Turning food scraps into food production

A climate action enterprise uses bokashi and no-turn composting methods to create carbon-rich, nutrient-dense soil. I talked to City to Farm who are diverting landfill to profitable crops.

Betsy and David Kettle of City to Farm collect food scraps from commercial kitchens in Auckland and ferment them in bins by the Bokashi method. Bokashi is an anaerobic method of reducing food-scraps by fermenting rather than rotting, which generates microorganisms to break the scraps down faster. Regenerative farmers Phil and Jenny Grainger compost the results to grow organic bananas and pumpkins. It’s a win-win for them and a big win for the environment.

“How we grow food and dispose of food-waste is a huge contributor to climate change,” says Betsy.

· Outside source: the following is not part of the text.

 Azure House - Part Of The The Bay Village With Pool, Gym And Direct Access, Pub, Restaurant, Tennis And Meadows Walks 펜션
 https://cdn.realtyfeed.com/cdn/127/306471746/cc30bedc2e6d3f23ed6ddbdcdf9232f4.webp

More than 150 tonnes of food scraps have been diverted from landfill into high-value food productions on the Grainger’s re-hectare farm at Waitoki, Rodney, simultaneously preventing greenhouse gases escaping into the atmosphere and sequestering carbon into the soil.

Sourcing scraps

City to Farm meets with commercial kitchens to assess the quality and quantity of scrap output. Raw dough, liquids, fats, oils, large bones, compostable serve-ware, plastics and bioplastics are off the menu.

City to Farm supplies 15L buckets or large wheelie bins with a layer of biochar and mulch in the bottom. The kitchens layer the food scraps with a sprinkle of Zing, a microbial inoculant to create a bokashi fermentation system.

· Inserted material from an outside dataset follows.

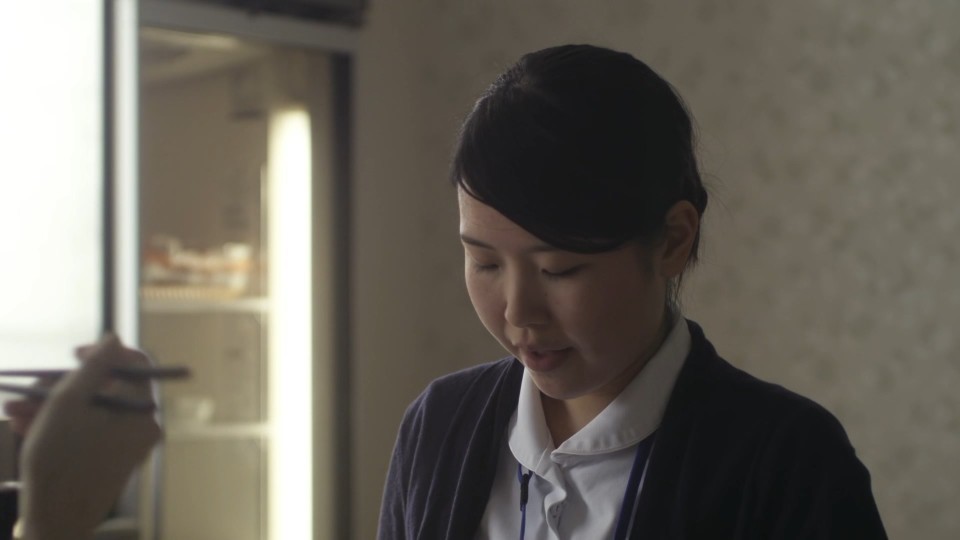 Happy.Hour.PART.1.2015.Bluray.1080p.DD2.0.x264-CHD.mkv_20250603_094425.758.jpg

The woody mulch keeps the scraps out of the liquid generated by the fermenting process which drains to the bottom of the bin or bucket, reducing the odours.

Scraps to Soil

The scraps are collected weekly and held in bins to ferment for two weeks before being spread between layers of biochar and woody mulch into swales on the Grainger’s land. Swales are landforms with a ditch and bund (Hump) at the edge of a terrace that catches and traps rainwater so it soaks into the ground without running off.

The bokashi and mulch begin to compost, with the layer of biochar beneath being critical to the process. Biochar is a charcoal of untreated timber or plant matter created by ab oxygen-excluded burning process known as pyrolysis.

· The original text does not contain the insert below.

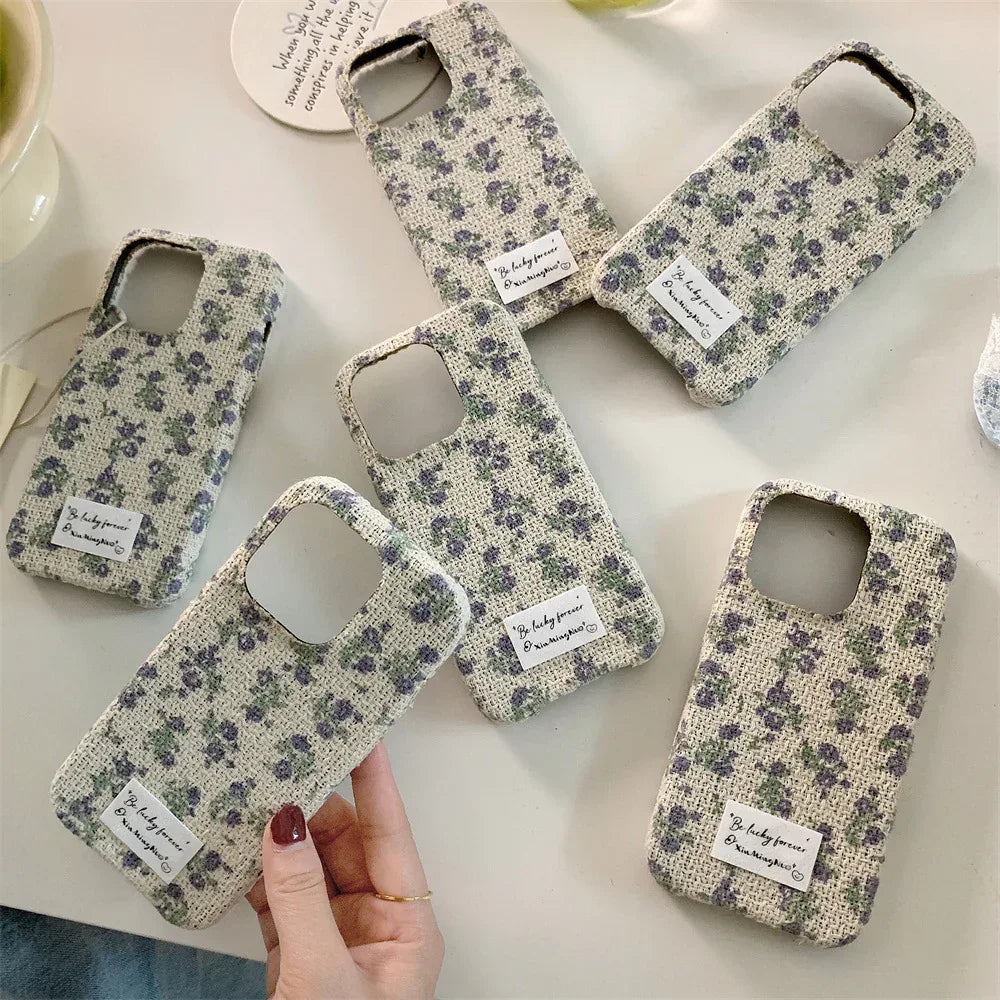 fashion-small-flower-flannel-iphone-case - Viexta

Biochar absorbs water and nutrients and improves soil structure and drainage. Once inoculated with microorganisms and charged with minerals, biochar is thought to be a permanent form of compost in the soil and is often used as a mode of carbon-fixing. It also tends to be alkaline, offsetting the acidic bokashi process.

Soil vs Compost

Phil Grainger is a member of the Kaipara Regenerative Farming Group and explains the process has multiple benefits.

“Food scraps require low inputs so chemical costs don’t exist.

“Combining anaerobically bokashi-fermented food-scraps with biochar and placing it in an aerated system kick-starts the microbial diversity necessary to begin rapid plant growth, and as a result, soil transformation occurs. The rapid soil transformation creates an extremely stable form of carbon and establishes diverse fungal species, including arbuscular mycorrhizal fungi.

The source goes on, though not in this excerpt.